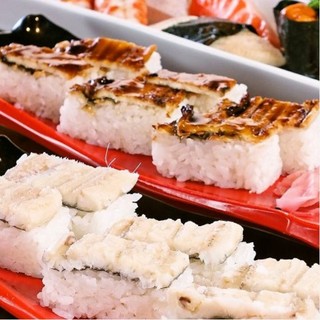 [If you come to Himeji, this is it! ] Sushi made with conger eel is also one of its attractions.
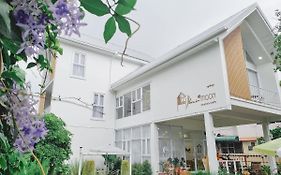 Bloomin' Moon Hostel & Cafe, Chiang Mai Old Town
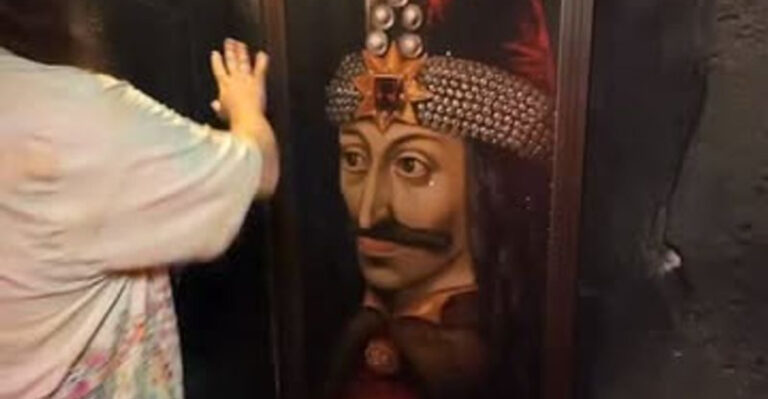 This Florida Escape Room Lets You Climb Into A Coffin And Crawl Through Dracula’s Castle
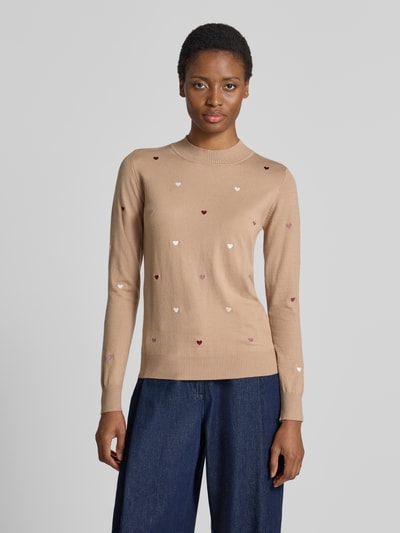 Frauenmodel trägt Strickpullover aus Viskose-Mix mit Stitchings von Apricot in Beige, Allover-Look, Slim Fit, Rundhalsausschnitt, Ganzkörperansicht von vorne.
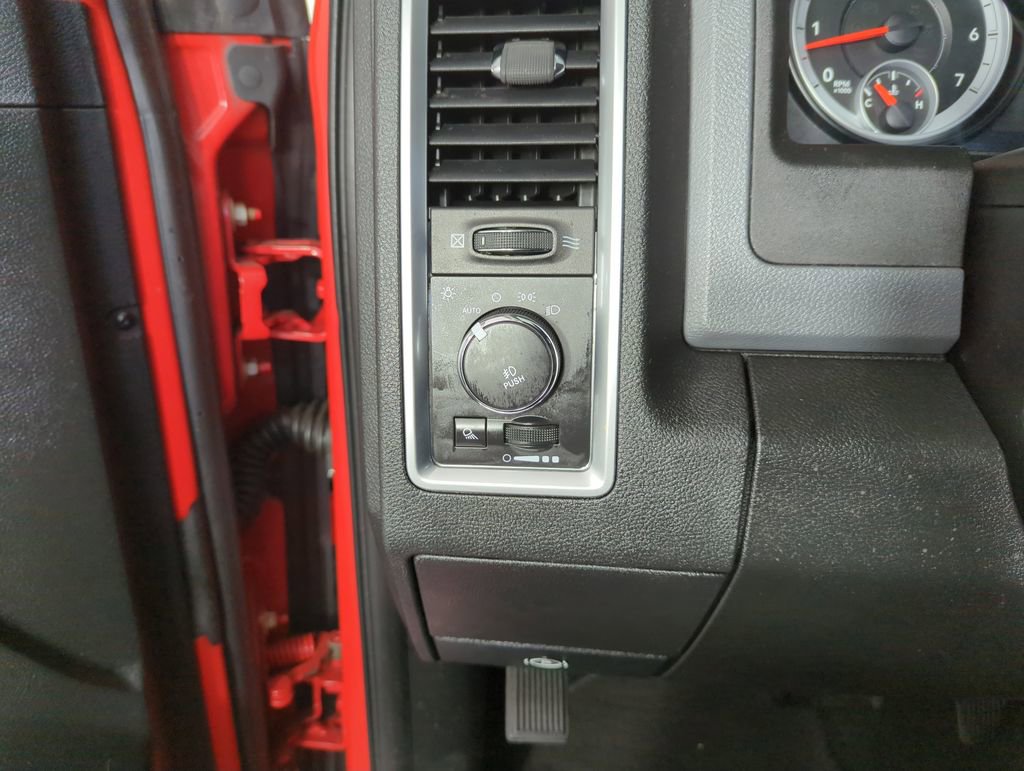 Used 2014 RAM 1500 Big Horn image 20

▸ What is required
Everything in the material must be duplicated exactly, except the pictures.

▸ Task answer
 [If you come to Himeji, this is it! ] Sushi made with conger eel is also one of its attractions.
 Bloomin' Moon Hostel & Cafe, Chiang Mai Old Town
 This Florida Escape Room Lets You Climb Into A Coffin And Crawl Through Dracula’s Castle
 Frauenmodel trägt Strickpullover aus Viskose-Mix mit Stitchings von Apricot in Beige, Allover-Look, Slim Fit, Rundhalsausschnitt, Ganzkörperansicht von vorne.
 Used 2014 RAM 1500 Big Horn image 20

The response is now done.